Ballet dancer Serge Lifar was born Serhiy Lyfar on 15 April (O.S. 2 April) 1905 (or 1904) in Kiev, where he studied with Bronislava Nijinska. He left the USSR while still in his teens and danced with the Ballet Russes from 1923. He became director of the Paris Opéra Ballet at just 24 and revitalized that organization. He is credited with saving the lives of many dancers during the Nazi occupation of France and is held to be one of the greatest male ballet dancers of the 20th century. He died 15 December 1986 in Lausanne. Since 1994 a Lifar International Ballet Competition has been held in Ukraine.

The late Swedish poet Tomas Tranströmer (15 April 1931 – 26 March 2015) won the Nobel Prize in 2011 for his work as one of the most important Scandinavian writers of the post-war era. He worked as psychologist for juvenile offenders and in the 1960s became friendly with American poet Robert Bly, who translated some of Tranströmer’s work into English. A 1990 stroke left Tranströmer without speech and partially paralyzed. He continued playing his beloved piano with his left hand only. His poems have been set by many Scandinavian composers.

0415af3

Now we turn to the acting profession. I could have sworn I’d seen a Claudia Cardinale stamp somewhere, but the only one I was able to find today was this curiosity from Benin showing the lobby card for an obscure 1968 flop called Hell Is for Heroes with Rod Taylor. Ms. Cardinale (born 15 April 1938) can barely be seen on that one. She is perhaps best known to American audiences for her role in Sergio Leone’s Once Upon a Time in the West (also from 1968). A happy birthday, too, to two actresses named Emma, Emma Thompson (born 1959) and Emma Watson (born 1990), who happen to have worked together in a few of the Harry Potter films. A Guinean stamp shows Emma Thompson (with Kate Winslet) in 1995’s Sense and Sensibility, though I was not able to find any image online other than this tiny one, and Emma Watson, it goes without saying, is portrayed on any number of international Harry Potter stamps, including these from the United States (2013) and France (2008). And while we’re on the subject, I take this opportunity to address a recent omission, or rather, two of them. It’s a case of killing two birds with one fell swoop. Omar Sharif (1932 – 10 July 2015) and Julie Christie (born 1940) happen to have had nearby birthdays, the 10th and the 14th respectively.

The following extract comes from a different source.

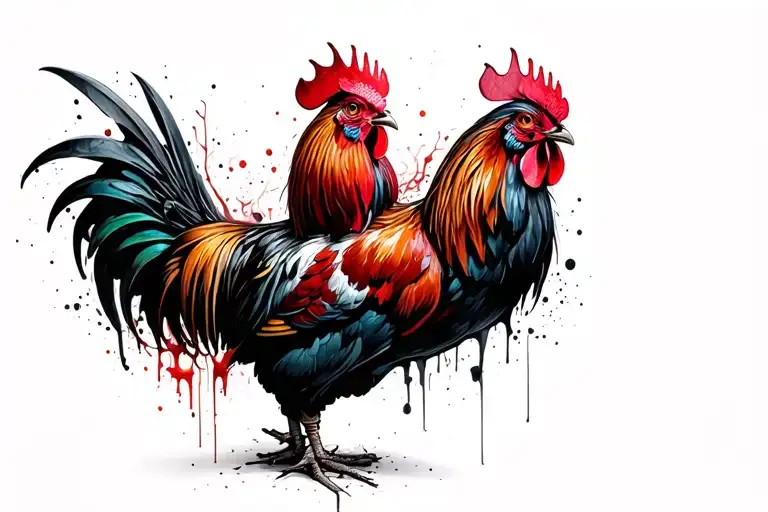 Rooster holding tattoo design idea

So it was serendipitous, if belated, that I found them both on a single Doctor Zhivago stamp from Grenada Grenadines.

And on this day in 1755 Dr. Samuel Johnson’s Dictionary of the English Language was published in London.

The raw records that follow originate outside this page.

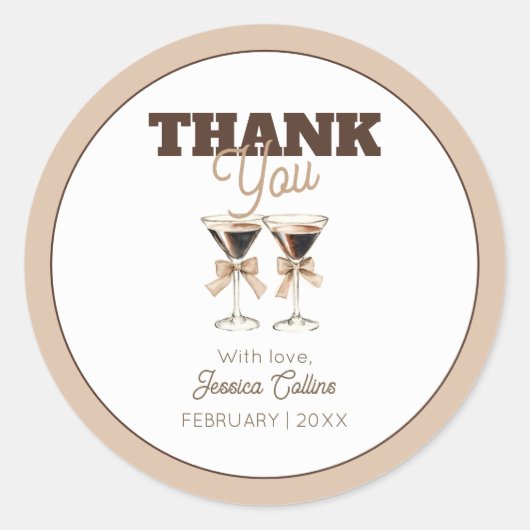 ブラウン・エスプレッソ・マルティーニ30歳の誕生日ありがとう ラウンドシール (正面)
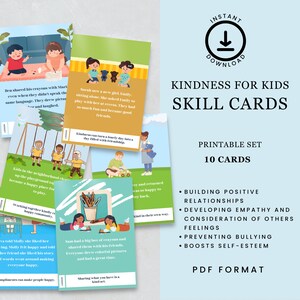Printable Kids Kindness Skills Cards, Social and Emotional Learning Cards, Being Kind Cards for Children, Kindness Card Printable Card Pack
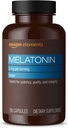 Elements - Melatonin 5 mg Capsules, tesadüfen uykusuzluk, Vegan, Unflavored, 195 Kont ( 1, 6 aylık tedarik (Pazarlama değişebilir)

In deference to my editor, and just to rub it in a little, I feel it incumbent upon me to mention that the 15th is the birthday of two stampless critics: the Greek poet, essayist, and art critic Jean Moréas (born Ioannis A. Papadiamantopoulos; 15 April 1856 – 31 March 1910), who wrote mostly in French, and the Russian poet and literary critic Nikolay Gumilyov (April 15, 1886 – August 25, 1921)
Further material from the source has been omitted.